T+1 will release £1 billion of margin in the UK, says BoE

Bank of England’s director for financial market infrastructure highlights the reduction of costs and risks in shortening the settlement cycle.

The UK’s move to a T+1 settlement cycle could release £1 billion of margin currently required at central counterparties, according to the Bank of England’s (BoE) executive director, financial market infrastructure, Sasha Mills. 

Sasha Mills

Speaking at the launch event for the UK’s T+1 transition today, Mills highlights how a shorter settlement cycle will mean that firms and central counterparties face lower counterparty risks, which the BoE anticipate will lead to “significant amounts of margin being released by CCPs to members and their clients”. 

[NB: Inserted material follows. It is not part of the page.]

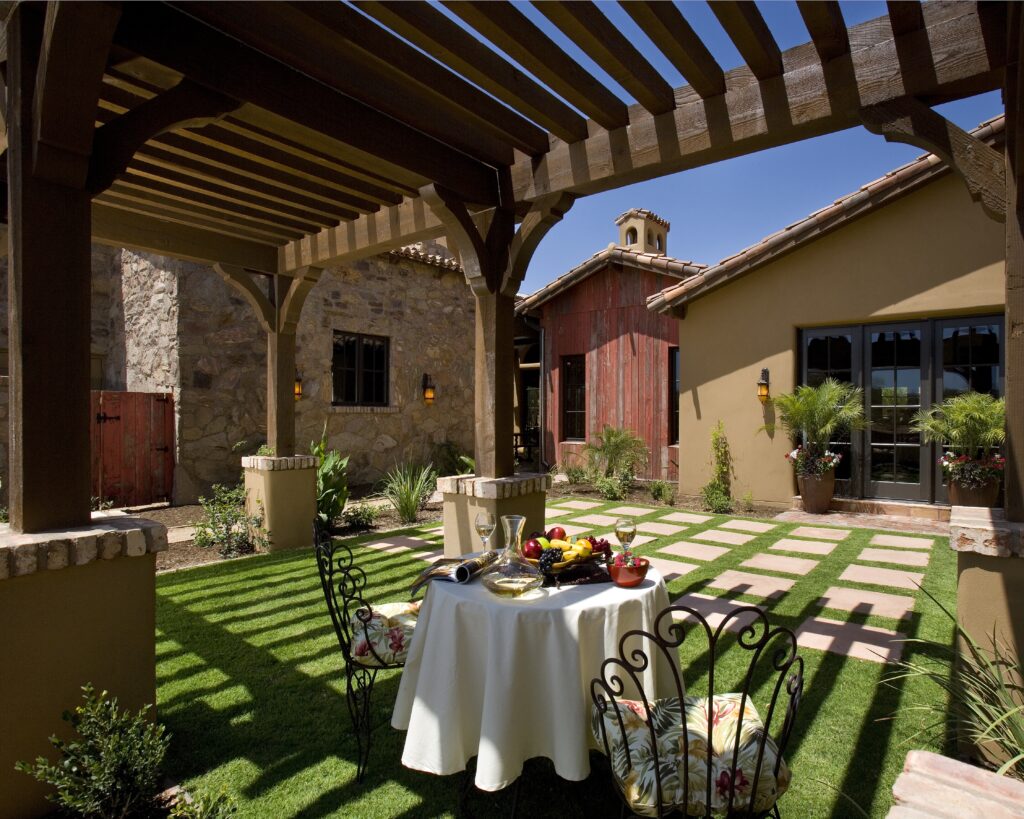 The Phil Nichols Company | Tuscan Farmhouse | Courtyard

Explaining the £1 billion figure, the BoE said the estimate relates to margin posted to support UK cash equities clearing and applies the approximate margin reductions seen in another jurisdiction which has transitioned to T+1 from T+2. 

Mills noted the amount was “a significant sum which could be used by market participants for other productive purposes, supporting the UK economy”. 

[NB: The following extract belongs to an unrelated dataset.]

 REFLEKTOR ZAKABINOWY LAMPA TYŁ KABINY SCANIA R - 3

In a speech to an audience at the UK Accelerated Settlement Taskforce event The T+1 Journey Starts Now Mills voiced the BoE’s support for the transition to T+1, noting it should reduce the costs and risks associated with the existing misalignment of settlement cycles and ensure alignment with the US. 

“The transition to T+1 should catalyse firms’ investment in automation and standardisation, leading to lower settlement costs in the medium term and more efficient markets,” she added. 

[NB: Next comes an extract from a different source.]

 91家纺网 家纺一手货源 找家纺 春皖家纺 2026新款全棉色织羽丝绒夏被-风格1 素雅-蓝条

The UK will move to T+1 on 11 October 2027, in line with the EU and Switzerland. 

James Pike, chief revenue officer at Taskize, commented: “If everything runs smoothly from an operational preparation perspective, the release of £1 billion is a tangible reality. However, the challenge currently lies in ensuring a successful migration by October 2027. Firms must act early to review and adapt their post-trade operations to ensure a seamless transition. This will require huge investment in technology and process reengineering, not to mention close collaboration between industry banks, custodians, and fund managers. The lessons learned from the US shift to T+1 earlier this year highlight the importance of preparation and coordination.”